On average, December 13th in my hometown of Flint, Michigan has a high temperature of 34F and a low of 20F. Normally, there are six inches of snow on the ground, with another six more inches on the way before the new year. At this moment, it is 60F, with a predicted high of 64F. My grass is green. The dog poop on the deck is not buried under the snow. It is right out in plain sight and it awaits my shovel and plastic bag. My confused Magnolia liliiflora tree looks like it is ready to bud.
These issues raise a serious question for a serious cyclist: Fixed gear or road bike?
In December, my bikes should an afterthought, hanging in the basement. I should be on skis: cross-country and downhill. I should be out at the rink on my skates. I should be thinking about deadlifts and squats and plyometric box dumbbell step-ups. Tire widths and PSI, headband or beanie under the helmet, wax or lube on the chain? These are issues which shouldn’t come to mind until mid-February.
Where do I stand?
With my leg over my fixed gear. The fixed gear is the elemental basis for our sport. As John Lennon said when asked about the basis for his music, the blues is a chair. Not a design for a chair, or a better chair…it is the first chair. It is a chair for sitting on, not for looking at. You sit on that music. And the fixed gear is the blues for a true cyclist.

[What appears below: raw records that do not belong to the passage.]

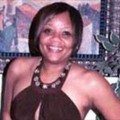 Photo of Althedia Vaught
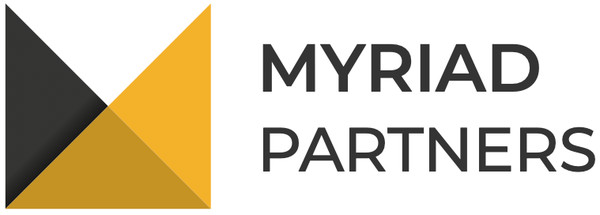 /사진=미리어드파트너스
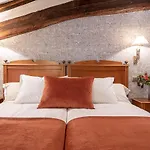 Hotel Venta de Ulzama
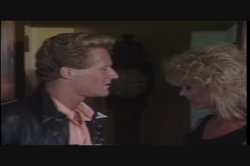 'Parting Shots' screenshot nº 28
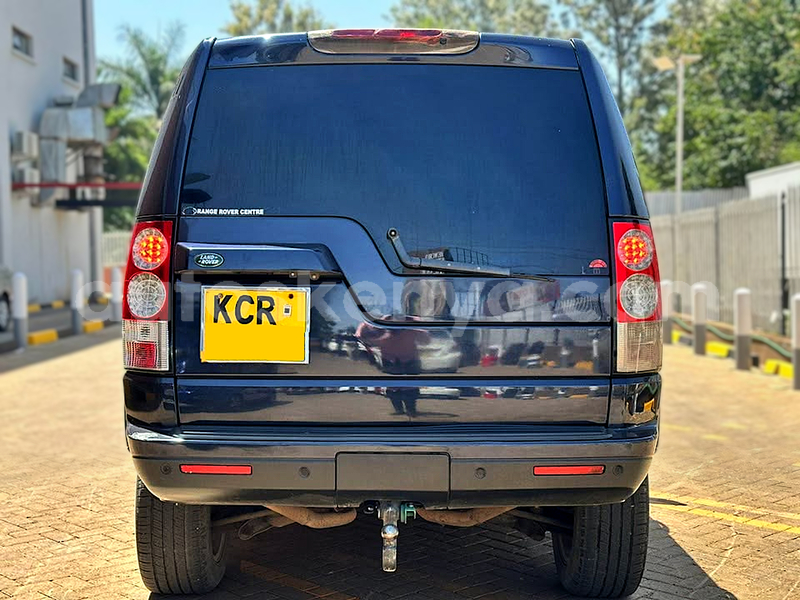 Big with watermark land rover discovery nairobi nairobi 29128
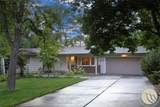 3102 17th Street - Photo 1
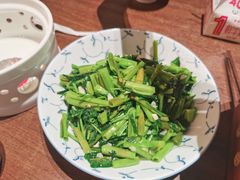 -农耕记·湖南土菜(halo广场店)
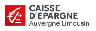 www.caisse-epargne.fr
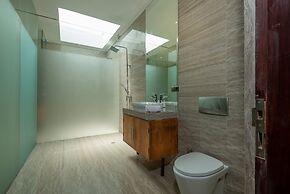 The Christina Estate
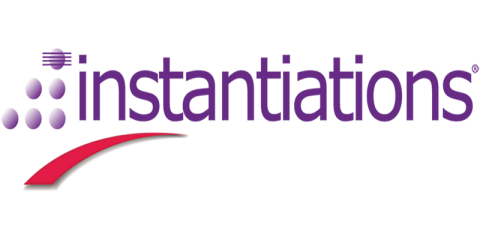 Instantiations 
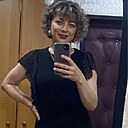 Алиса, 45 лет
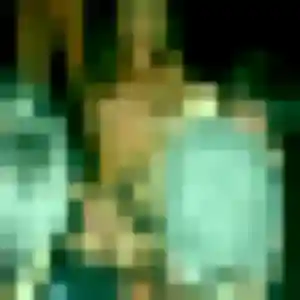 Photo privée de Anne-Marie, 54 ans à Coise - rencontre sans lendemain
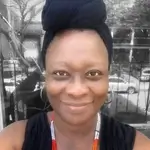 arlene-duncan-age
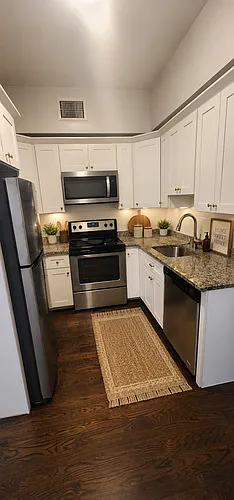 10 Merrymount Rd Photo 1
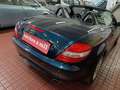 Mercedes-Benz SLK 200 K Azul - thumbnail 31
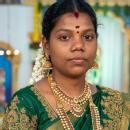 Karthika . Science Tuition classes trainer in Rajapalayam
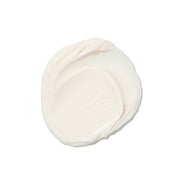 SKIN BETTER SCIENCE - Trio Luxe Moisture Treatment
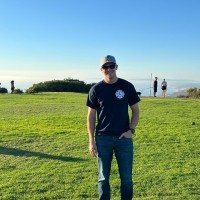 Nick Falteich Email & Phone Number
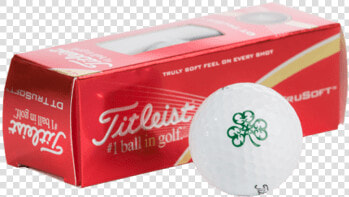 Titleist Pro V1  HD Png DownloadTransparent PNG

Throw your leg over a fixed and ride with Henri Desgrange, the founder of the Tour de France, and Maurice Garin, in 1903, Le Tour’s first winner. Yes, Virginia, they rode the first Tour de France, 1,500 miles over six stages, on bicycles with only one gear. Derailleurs would not arrive in the Tour until the 1930s.
Maurice Garin with his fixed-gear bike and ciggie after winning the 1903 Tour de France
Rise slowly out of the saddle to pedal more gingerly over railroad tracks and ride with Arthur Augustus Zimmerman, the fastest velodrome racer in the world during the 1890s. Zimmy, with no toe straps and a 68 inch gear, was once clocked in the flying 100 meters in 5.4 seconds. Forty MPH.

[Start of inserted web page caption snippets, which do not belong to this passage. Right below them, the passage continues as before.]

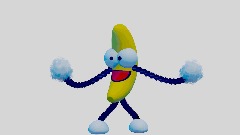 Peanut butter jelly time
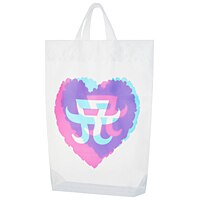 ayumi hamasaki 2014 SUMMER』グッズ | グッズ | 浜崎あゆみ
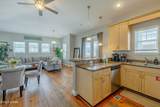 8410 Thomas Drive - Photo 24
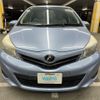 toyota vitz 2012 CFJ1696954 image 2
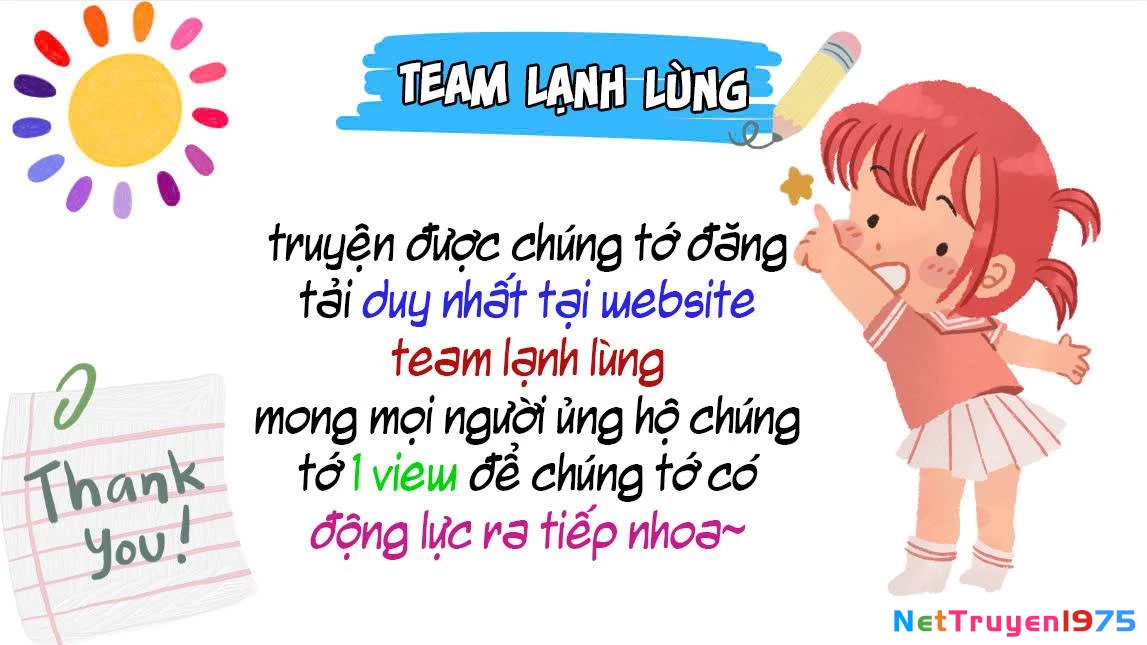 Kim Phong Ngọc Lộ Chapter 16 - Trang 2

Press back against your pedals to slow yourself as you near a stop light and ride with Major Taylor. The Indianapolis born Taylor (born 11/26/1878) had to leave the US to avoid the rampant, violent racism against African-Americans of the time. Once in France, he became the second black world champion in any sport.
Out on the fixed gear, life is simple. Look down. That chain is the direct link between you, the bike, and mastery.
On the fixed one learns acceptance. You have a tailwind? Pedal faster. You have a headwind? Suck it up and suffer. Need to slow down for a light? Relax the legs. Need to get back up to speed? Stand up; get the gear turning over before you sit down again.
Joyous silence. No noise from a scrubbing front derailleur. No ting ting from an out of kilter rear changer.
With the winter solstice nine days away, daylight is scarce. On the forty-third parallel, I have nine hours and three minutes of sun today. A forty-five minute spin on the fixed gear, no coasting, is plenty of work.
Tour de France boss Henri Desgrange on a fixed-gear bike in the 1930s
Connect with cycling’s glorious past. As Henri Desgrange said in 1902,
The derailleur is for old people. Isn’t it better to triumph by the strength of your muscles than by the artifice of the derailleur? We are getting soft … As for me, give me a fixed gear!